Friday, October 12, 2007

The cartel that came unstuck -- and why Dick agreed to go for a Prattfall

Just two of the many headlines over reports of the Visy/Amcor cartel price-fixing revelations were "ACCC catches up with cartels" and "Customers held in contempt".

As well as providing a chance to kick a tall poppy, the story has been a bonanza for those who believe business is all about companies getting together to dud customers.

John Durie in The Australian declared the case to be the tip of the iceberg -- "cartel cases are very hard to prove and flourish where there are few competitors."

Something largely absent from the reporting is any analysis of the outcome.
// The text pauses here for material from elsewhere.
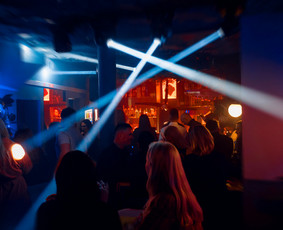 Patalpų nuoma renginiams - Kaprizai - baro patalpų nuoma &scaron;ventėms - Panevėžio Centre! - 1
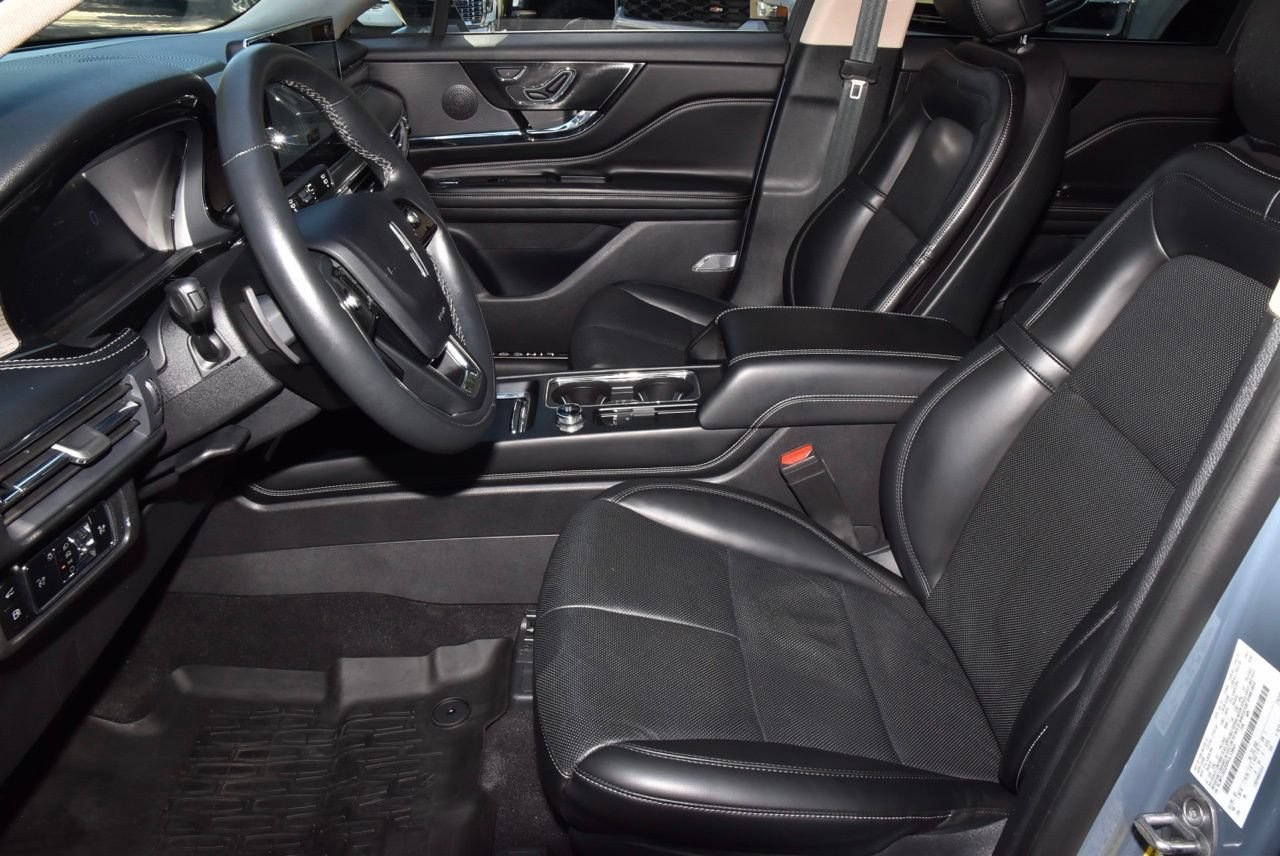 Certified 2024 Lincoln Corsair Grand Touring AWD/4WD image 13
The deal was struck in 2000 and the well-documented meeting between Visy chief Harry Debney and Amcor managing director Peter Brown in September 2002 shows it was not going the way Amcor at least had planned.  Here is one reason why.  Over the previous two years, a market-sharing agreement had resulted in a shift from near-parity to 51:42 in favour of Visy.  As the present decade continued, Visy was to become twice the size of Amcor in the $2 billion market.

This increase in market share was achieved by constant price reductions.  Compared with the consumer price index, the price of the basic cardboard box has fallen more than 35 per cent between 1994 and this year.  And this trend even accelerated in the years of the agreement.

The trends in price in Australia are not inconsistent with those overseas.  In terms of price changes, Australia is in the middle and has experienced rather less price volatility of late than most markets.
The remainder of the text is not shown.